Stop me if you’ve seen this one before: very talented, much talked about Giants team gets off to a fast start. At midseason they’re 6-2 and looking like a legitimate Super Bowl contender. But in the second half, things start going south. There are rumblings about Tom Coughlin’s job security.

Moronic members of the press who only understand football on a box score level see that Eli Manning is leading the league in interceptions so, predictably, they question him. (Never mind that Manning, who had one of the best seasons of his career, was plagued by receivers’ drops and bad routes.)

There is a particularly heart-wrenching loss to the hated Eagles in Week 15 (apparently the punter not only kicked to DeSean Jackson but also singlehandedly gave up 28 points in the fourth quarter…right?), followed by what would turn out to be a playoff-hopes-slashing defeat at Green Bay the following week.

A change to consider: Antrel Rolle as the new Charles Woodson

The change here needs to be made by fans and the media.
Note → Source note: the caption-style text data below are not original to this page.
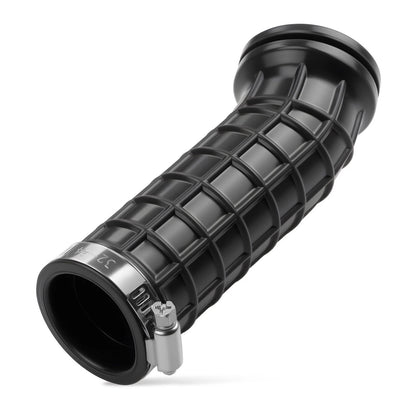 Intake Boot for Yamaha Badger 80 YFM80 (1985–1988) 55X-14453-00-00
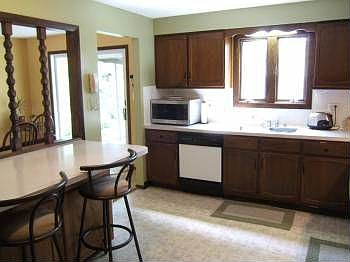 2nd image of 9411 Pheasant Run Pl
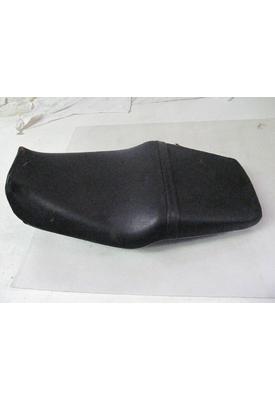 Honda CBR600F2 SEAT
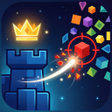 Icono de programa: Square Crush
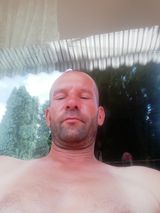 Foto utilizatorului piotrszczep56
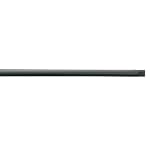Stoeger Uplander Longfowler 12ga 3" 30" A-Grade Satin Walnut Side-by-Side Shotgun 31062 - Additional Image 2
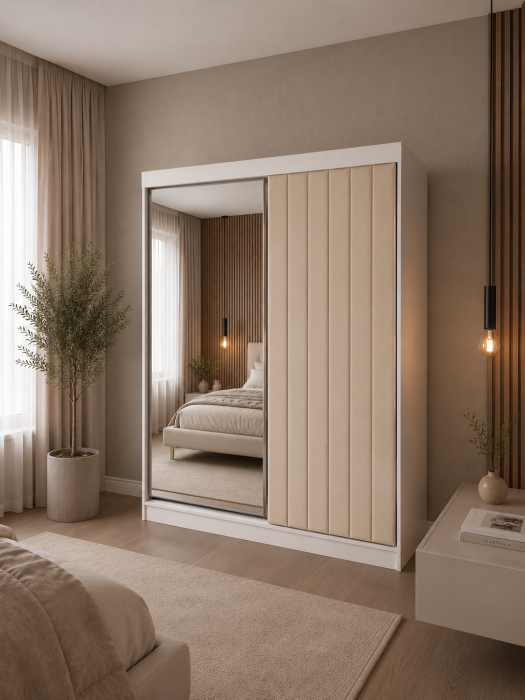 Dressing Tapitat Cairo 150x200 [2]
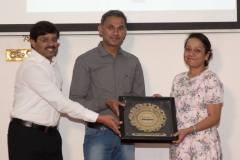 Reading-for-Pleasure-–-NGO-17000fts-Foundation-Delhi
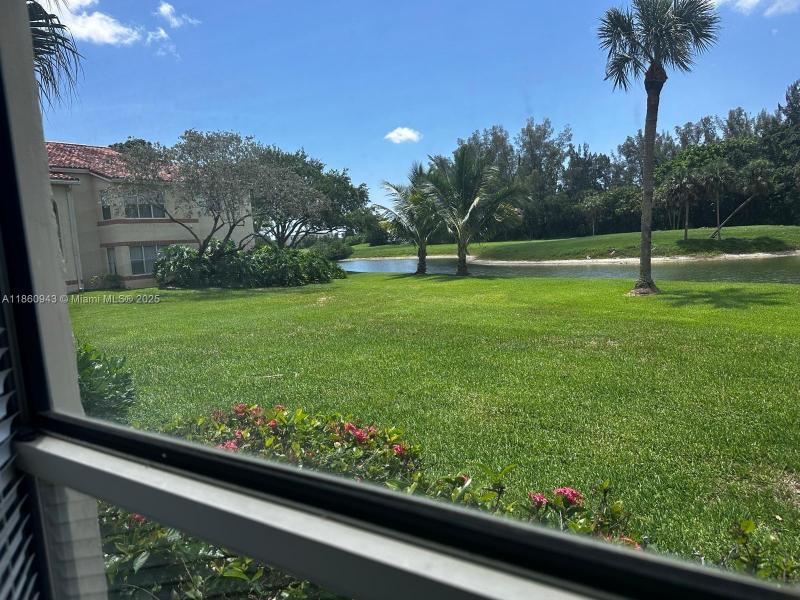 Property photo # 5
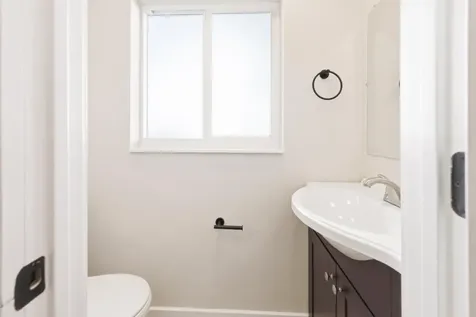 232 Codrington Drive Lauderdale By The Sea FL 33308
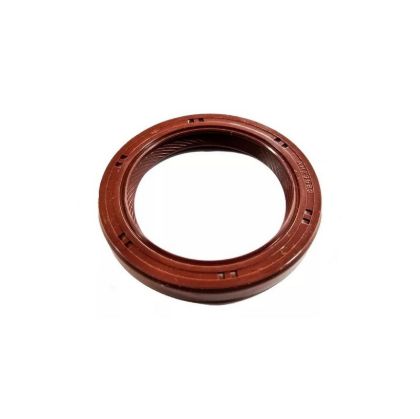Retentor da Polia do Virabrequim - SABO 05973BRGF | MercadoCar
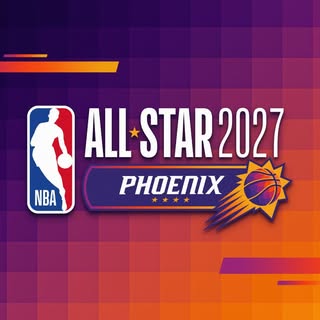 NBA All-Star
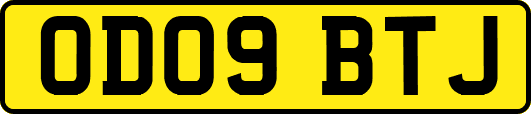 OD09BTJ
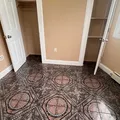 3 bedrooms apartment for rent in Jamaica - Queens, New York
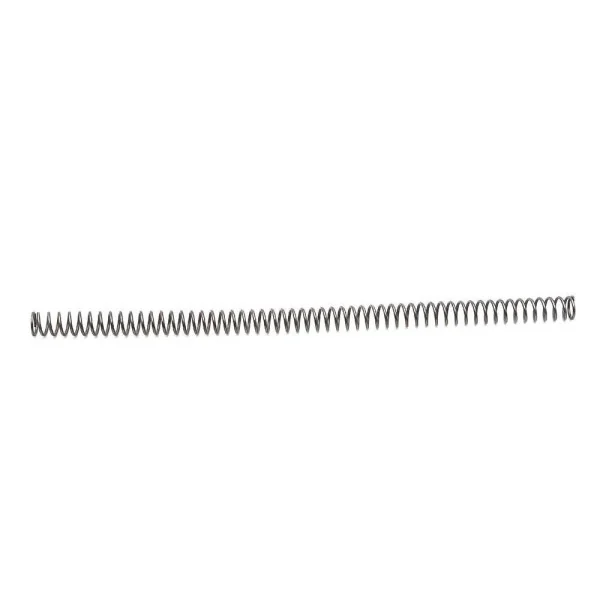 CZ Scorpion EVO 3 Recoil Spring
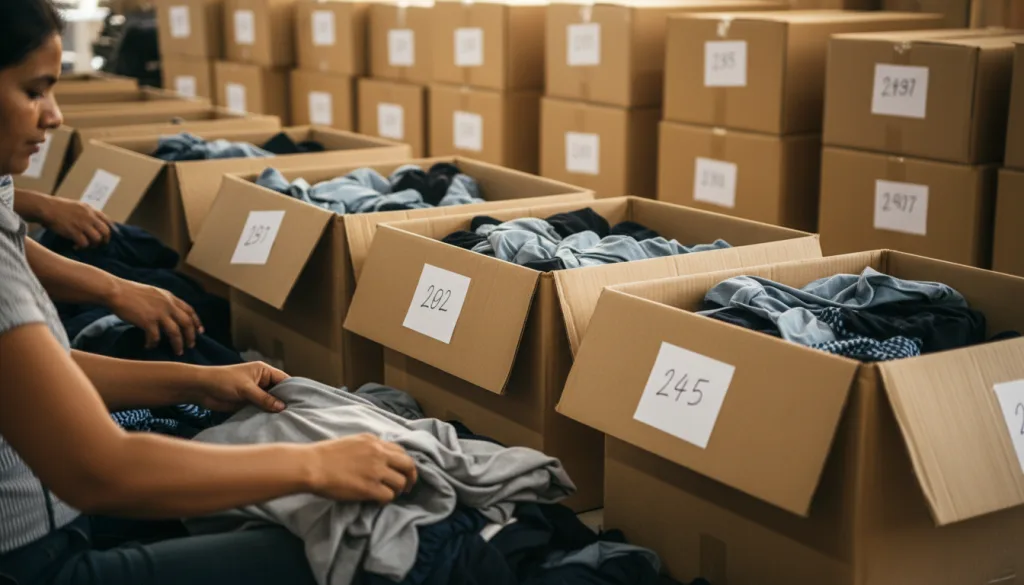 Waste-Smart Cutting & Print Placement to Reduce Scrap 3 wastesmartapparelpackaging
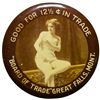 Image 1 : Board of Trade Mirror MT - Great Falls,Cascade County - c1908 - 2012aug - Brothel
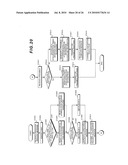 MOBILE COMMUNICATION SYSTEM, BASE STATION APPARATUS AND MOBILE STATION APPARATUS diagram and image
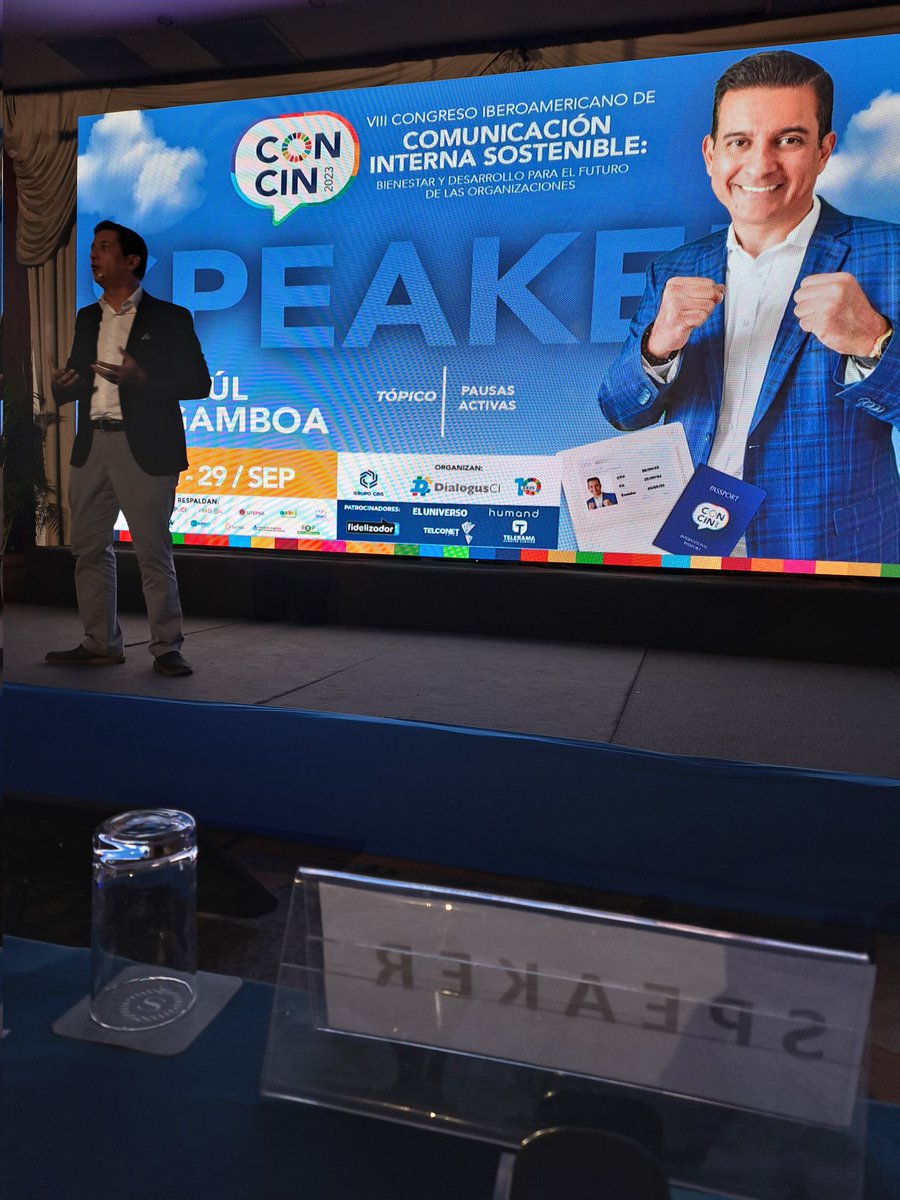 Efraín F. Palacios tweet media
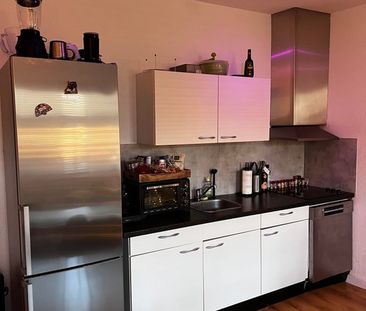 Papenweg 100 C 6212CJ Maastricht - Photo 6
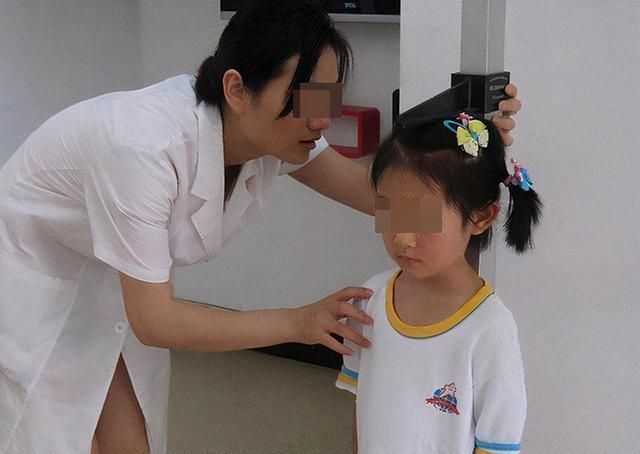 身高|森蝶12岁身高将近一米七,想要孩子长得好,要避免他成为这三类人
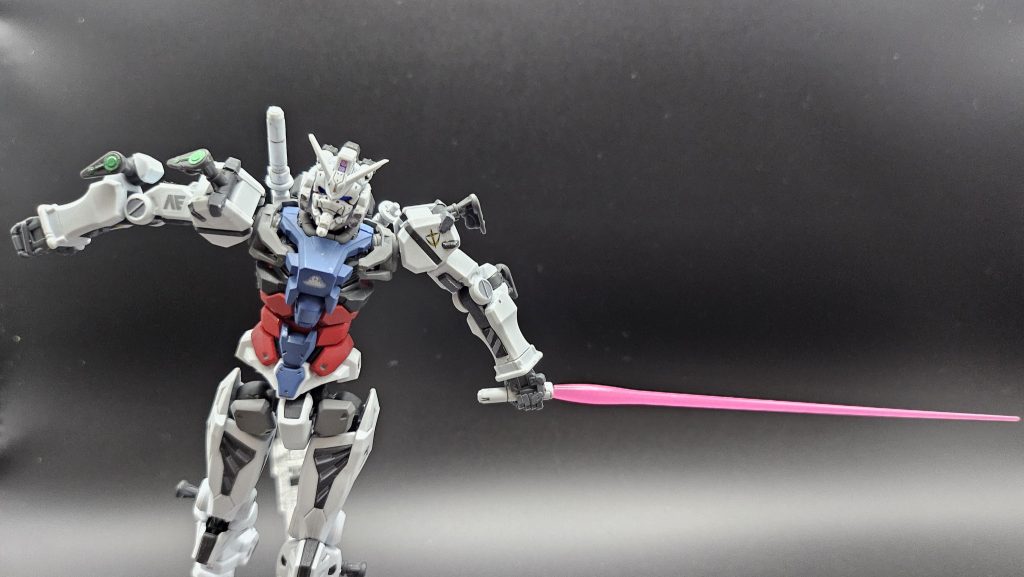 いいねしてくれたら嬉しいです。ご覧いただきありがとうございました。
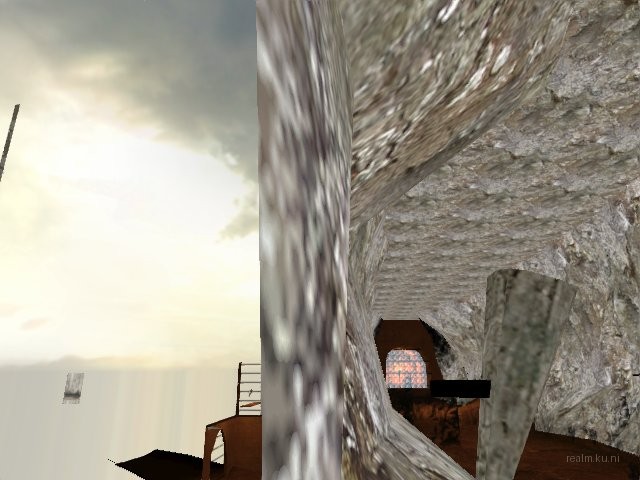 synb2_a_place_to_die thumb 65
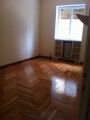 Casa arredata con balcone De angeli, vercelli,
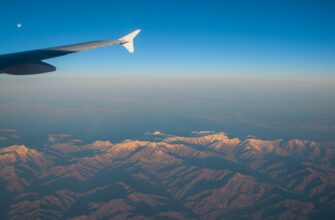 free matic airdrop in pakistan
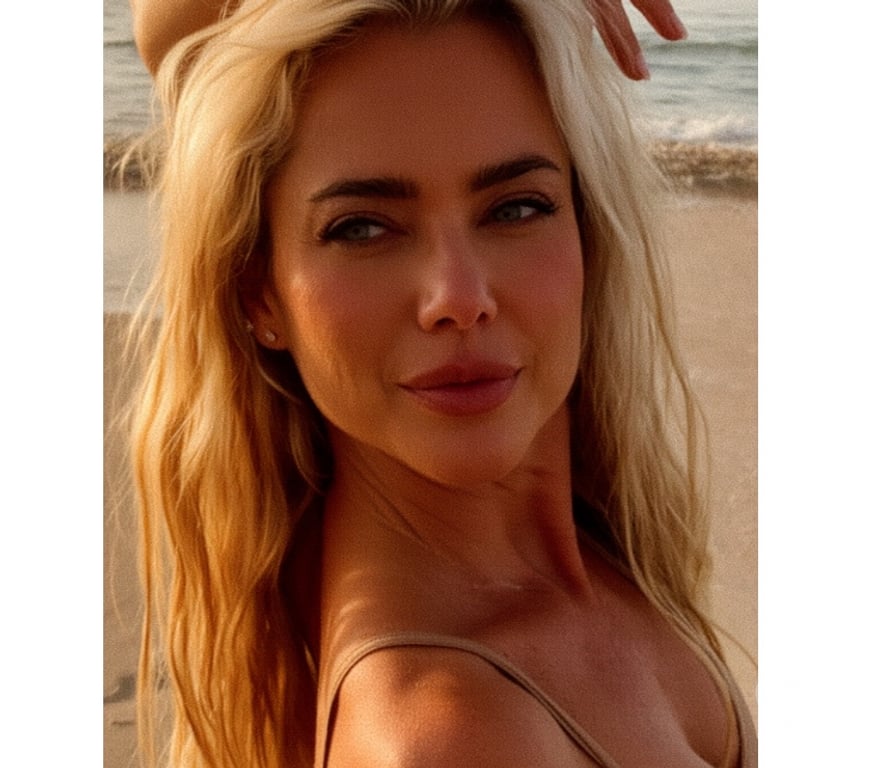 Escorts East Sussex Eastbourne - Photos for Only for VIP ✨ ANNA ELISE ✨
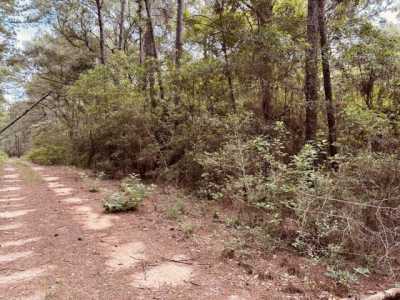 Residential Land For Sale in Hempstead, Texas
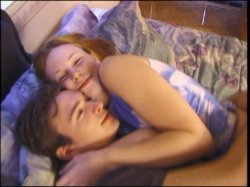 'Real Naturals 6' screenshot nº 49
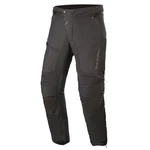 Alpinestars Raider Drystar V2 Mens Textile Motorcycle Pants Black. Fixed Price $206.24.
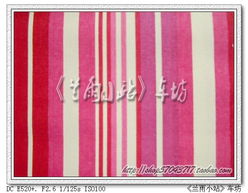 精品外贸斜纹纯棉布专业6406 品质与工艺的完美融合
It’s time to start recognizing Rolle as the Pro Bowl caliber rover that he is. Thanks to iffy linebackers, depth at safety and a schedule that frequently pitted them against three-receiver offenses, the Giants essentially converted to a three safety starting lineup in 2010. .

Rolle filled what used to be one of the outside linebacker positions. This was done because the former cornerback has the cover skills to line up against wideouts in the slot, but also the tackling prowess to play the edge on the run. What’s more, Rolle is a terrific blitzer, which allows coordinator Perry Fewell to disguise his fronts. Sound like any particular Packer you know?

1. Middle Linebacker
Jonathan Goff is not a bad player, but there is nothing electrifying about him either. This defense has a chance to be special. You can’t be special with a banal force in the middle.

2 Receiving weapon
Steve Smith’s microfracture surgery (knee) leaves his future in doubt. The restricted free agent wideout will spend the entire offseason rehabbing and may not be ready come September. At tight end, the serviceable Kevin Boss is as tough as they come, but with the focus on vertical seam routes in Kevin Gilbride’s system, a better athlete in this spot would do wonders.

3. Center
Shaun O’Hara made the Pro Bowl last season but strictly on name recognition. The 33-year-old (34 in June) missed all but six games with various injuries. When O’Hara did return to action, he looked creaky. Time to groom a replacement.

Ladies and gentlemen….your dark horse Super Bowl contender for 2011! The Giants have a veteran star quarterback, elite rushing attack (thanks in part to a cohesive offensive line) and defense loaded with talent along the front and back fours.

And most of these players have significant playoff experience. If this team can overcome the Big Apple drama that creeps up every year, it’s as tough an out as any.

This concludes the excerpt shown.